The Binge is Back

Summertime, and the readin’ is easy.

Pat Kinsella

It seems like everyone is binge-watching television these days. It started with the 2013 release of an entire season all at once of the Netflix series House of Cards. Or at least that galvanized a trend. No doubt prior to that, plenty of people like me, who were not quite on the crest of the “It TV” wave, binged on whole seasons of, say, The Wire, Homeland or Downton Abbey to get up to speed for an upcoming live season. I did with all three.

But bingeing on the arts is by no means a new phenomenon. I have been binge-reading ever since I can remember. Melting into a beanbag chair, ignoring sunny days outside, and cranking the rock opera Tommy through big plastic headphones, I read Tolkien’s Lord of the Rings trilogy virtually nonstop. The Hobbit was assigned in 7th grade English class, but it wasn’t enough. These books swept me away, suspending time, at least in my mind, and turbo-charging my imagination. I raced through a thousand more pages, disregarding homework, meals and showers. Well, not really. I was a teenage boy. I had to eat.

Before Tolkien, there was The Hardy Boys and those little red biographies about everybody from Genghis Khan to Clara Barton, and James Herriot’s All Creatures Great and Small series. To me, this sort of immersive reading is deepest when it involves a series of at least three books following the same characters on a journey, quest or some other spellbinding plot.

A high school binge lowered the bar sufficiently to merit the guilt typically associated with bingeing—when responsibilities, no matter how pressing, are ignored for the sake of, ahem, artistic indulgence. I’ll blame it on my buddy Read (pun unavoidable), who roped me in. Before the Robert Altman blockbuster movie M*A*S*H and resulting TV show, there was the book of the same name by Richard Hooker, in which the comedic-duo-in-scrubs Hawkeye Pierce and Trapper John torment Hot Lips Houlihan and Frank Burns, and Radar O’Reilly provides the grease that keeps the 4077th MASH in Korea in gear.

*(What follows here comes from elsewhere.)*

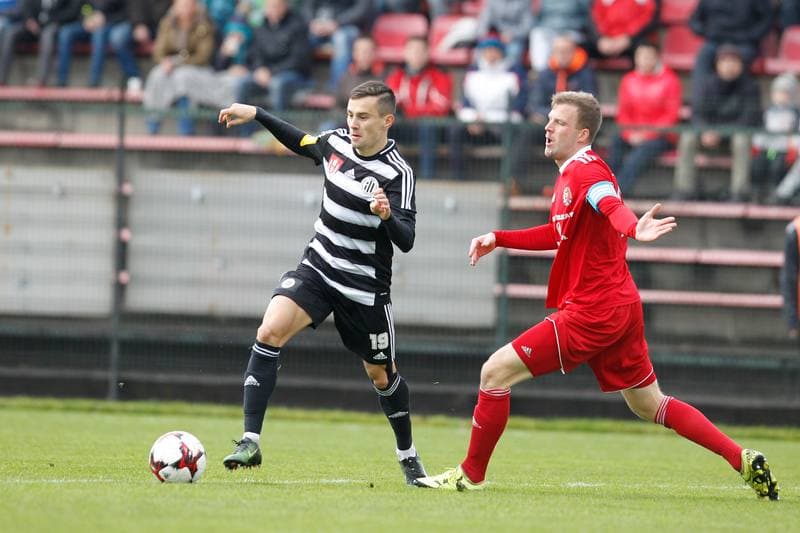 Football. FNL. Fotbal Trinec - Dynamo Ceske Budejovice. 18.11.2017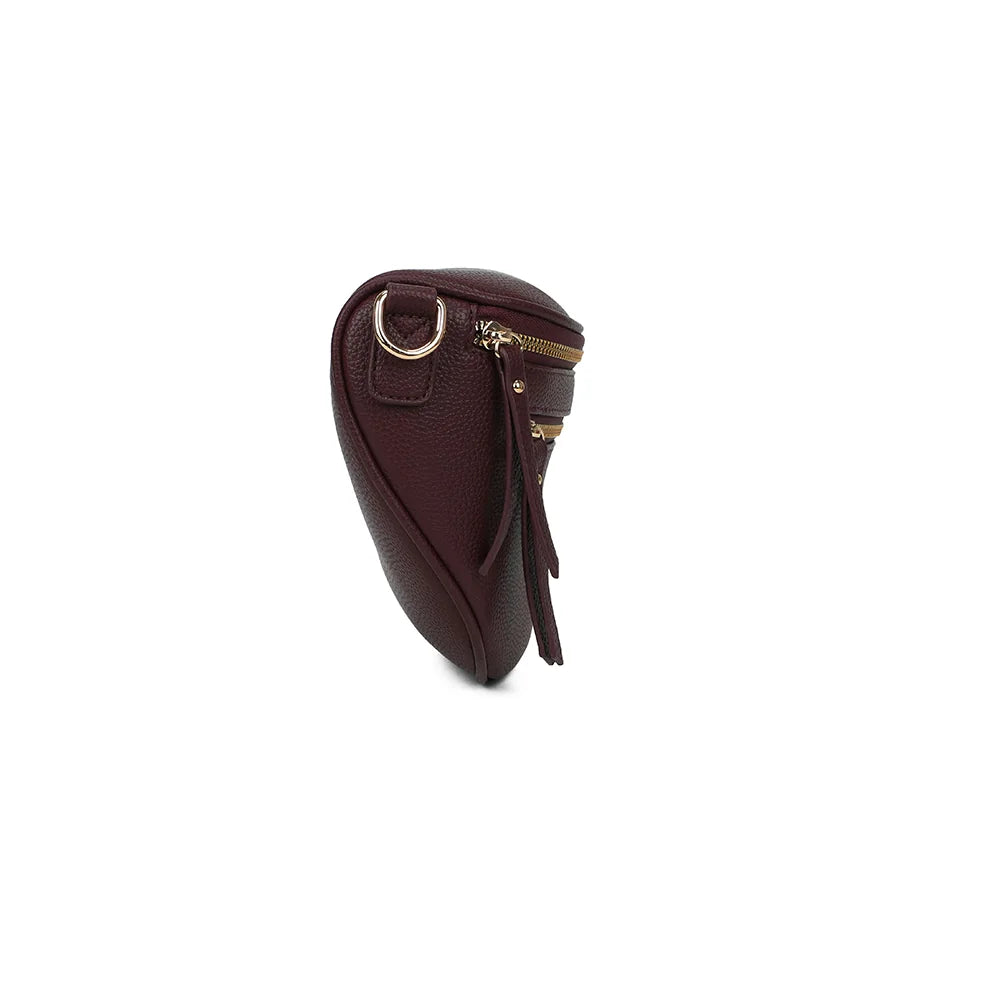 Profil du sac banane Léonie bordeaux : 10 cm de profondeur et anneau doré pour la bandoulière – réf. Z-83051-8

Hooker then wrote a racy sequel called M*A*S*H Goes to Maine, following the cast of characters back to the states. This gave birth to a gripping (at least to a 17-year-old boy) series written with a co-author chronicling the gang’s drunken and risqué escapades everywhere from Vegas to Moscow.

By college, I was on to spymaster Robert Ludlum. While Professor Edge droned on about George Eliot’s venerable (I’m sure) Mill on the Floss (or was it Daniel Defoe’s Moll Flanders?), under my desk an open copy of The Matarese Circle had me in its thrall. After graduation (somehow, yes), traveling in Europe and reading number twelve, I hit my Ludlum limit. While lying on a train bunk, chugging through Italy on a moonlit night, the plot line seemed all too familiar. The window was cracked just enough to be tempting. I closed the book, squinted an eye, carefully aligned the book’s spine with the open air, and with a flick of the wrist, The Bourne Identity sailed into the great beyond.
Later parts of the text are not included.